> _What this task involves_
Each line from the one holding "ATG7 Antibody in Western Blot (WB)" to the last line of the listing must be set down exactly. No pictures are to be included.

> _Entries shown_
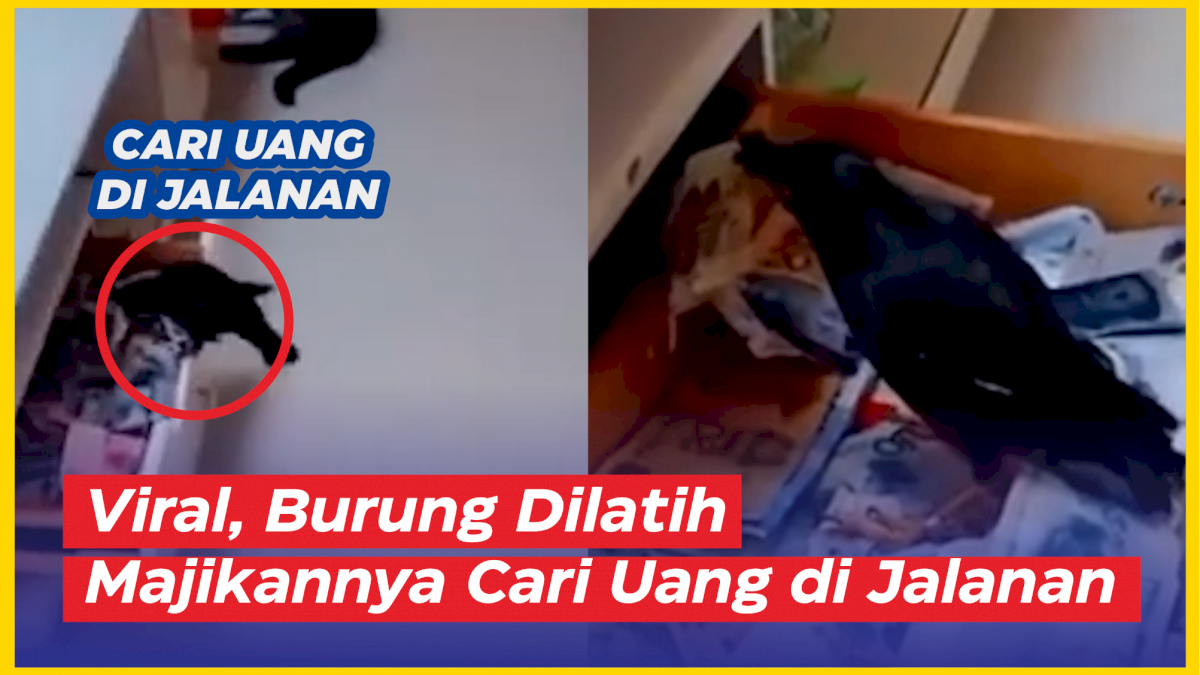 VIDEO: Viral, Seekor Burung Dilatih Majikannya Cari Uang di Jalanan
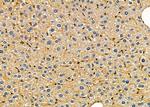 COPG Antibody in Immunohistochemistry (Paraffin) (IHC (P))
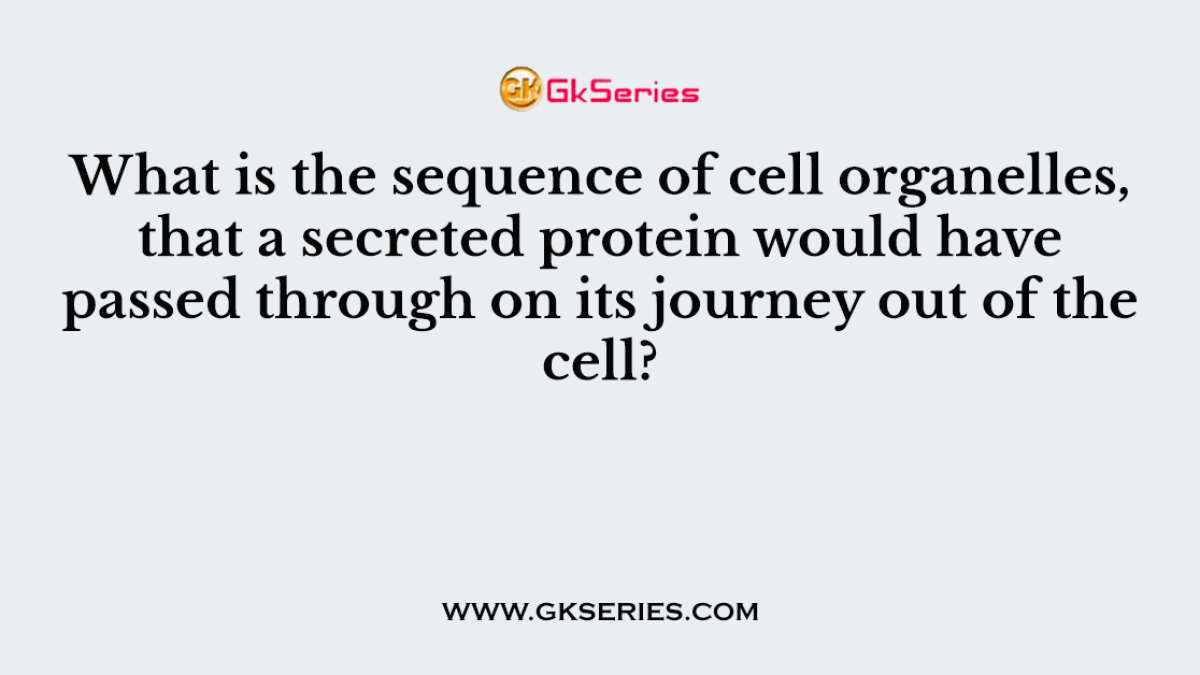 What is the sequence of cell organelles, that a secreted protein would have passed through on its journey out of the cell?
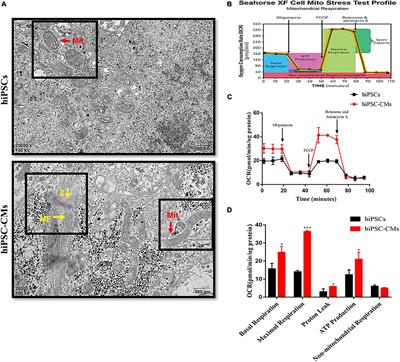 Activation of AMPK Promotes Maturation of Cardiomyocytes Derived From Human Induced Pluripotent Stem Cells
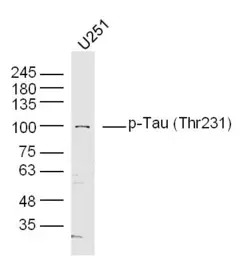 Tau (phospho Thr231) antibody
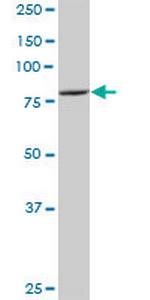 ATG7 Antibody in Western Blot (WB)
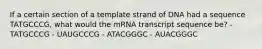 If a certain section of a template strand of DNA had a sequence TATGCCCG, what would the mRNA transcript sequence be? - TATGCCCG - UAUGCCCG - ATACGGGC - AUACGGGC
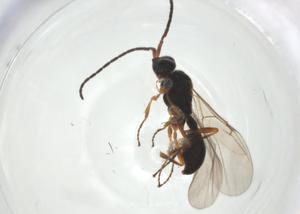  ( - CBG-A26117-H05)  @11 [ ] CreativeCommons - Attribution Share - Alike (2024) Centre for Biodiversity Genomics Centre for Biodiversity Genomics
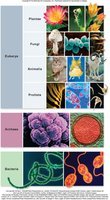 Three domains of life: Bacteria, Archaea, Eukarya
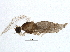  ( - BIOUG03131-E07)  @12 [ ] CreativeCommons - Attribution (2013) CBG Photography Group Centre for Biodiversity Genomics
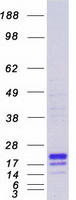 MD-1 / LY86 Protein - Purified recombinant protein LY86 was analyzed by SDS-PAGE gel and Coomassie Blue Staining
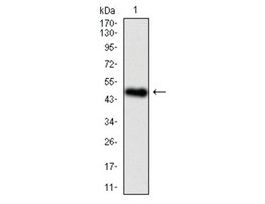 Monoclonal Anti-BPIFA2 antibody produced in mouseclone 5B2, ascites fluid, buffered aqueous solution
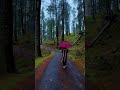 Sajna Ve Sajna ️ Ytshorts Viral Status Shots Song ️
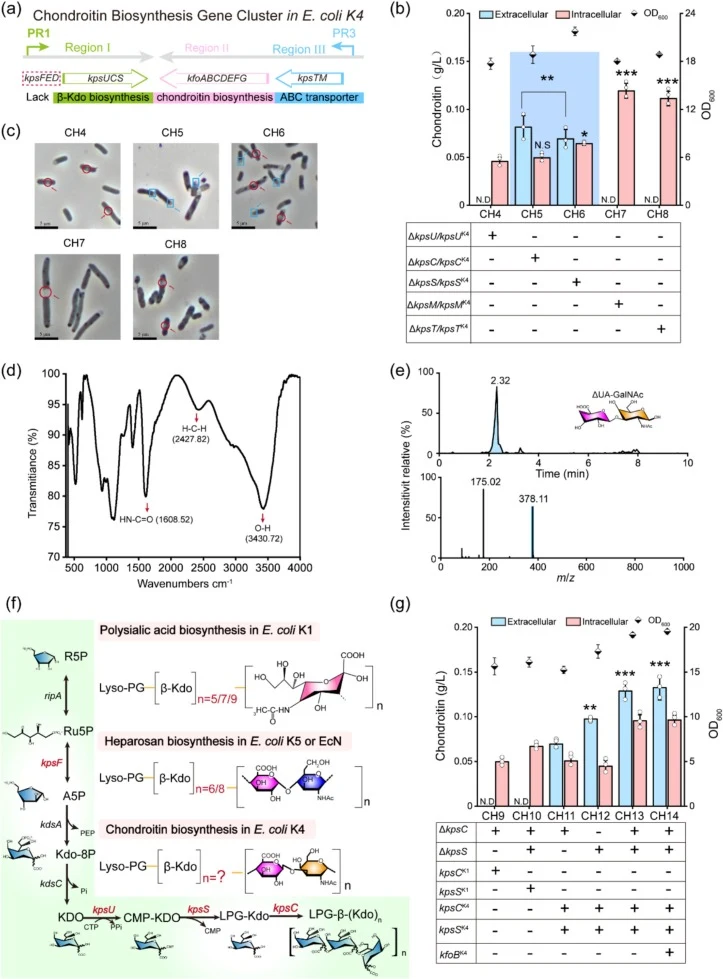 Eliminating the rale-limiting steps in the chondroitin secret. (a) The whole genome sequencing of chondroitin biosynthesis gene cluster in E. coli K4. (b) Chondroitin secretion was compared among different replacement and optimization of gene cluster from E. coli K4. FTIR spectra analyses of extrace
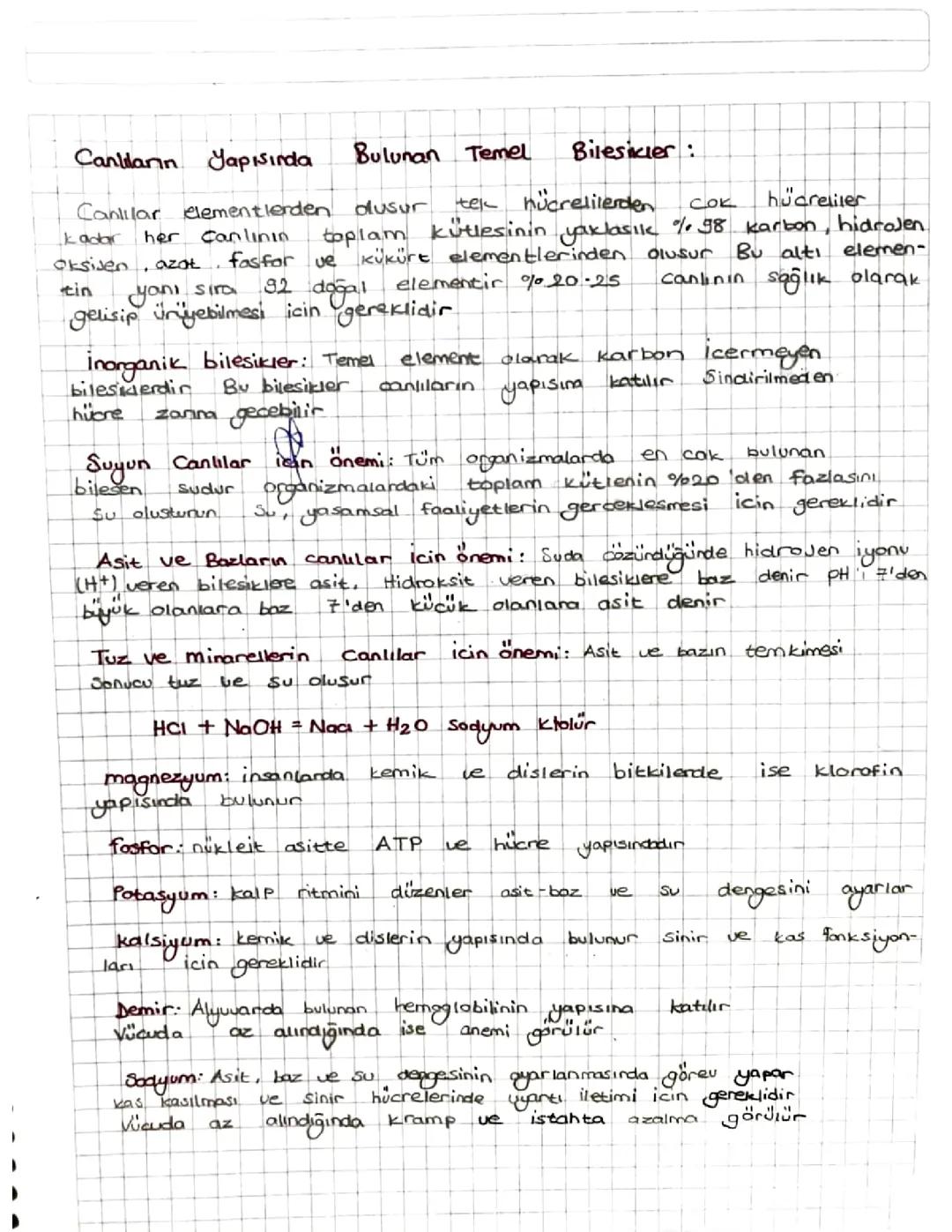 Canlıların Temel Bileşenleri: Proteinler, Yağlar ve Karbonhidratlar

> _Output for this exercise_
 ATG7 Antibody in Western Blot (WB)
 If a certain section of a template strand of DNA had a sequence TATGCCCG, what would the mRNA transcript sequence be? - TATGCCCG - UAUGCCCG - ATACGGGC - AUACGGGC
  ( - CBG-A26117-H05)  @11 [ ] CreativeCommons - Attribution Share - Alike (2024) Centre for Biodiversity Genomics Centre for Biodiversity Genomics
 Three domains of life: Bacteria, Archaea, Eukarya
  ( - BIOUG03131-E07)  @12 [ ] CreativeCommons - Attribution (2013) CBG Photography Group Centre for Biodiversity Genomics
 MD-1 / LY86 Protein - Purified recombinant protein LY86 was analyzed by SDS-PAGE gel and Coomassie Blue Staining
 Monoclonal Anti-BPIFA2 antibody produced in mouseclone 5B2, ascites fluid, buffered aqueous solution
 Sajna Ve Sajna ️ Ytshorts Viral Status Shots Song ️
 Eliminating the rale-limiting steps in the chondroitin secret. (a) The whole genome sequencing of chondroitin biosynthesis gene cluster in E. coli K4. (b) Chondroitin secretion was compared among different replacement and optimization of gene cluster from E. coli K4. FTIR spectra analyses of extrace
 Canlıların Temel Bileşenleri: Proteinler, Yağlar ve Karbonhidratlar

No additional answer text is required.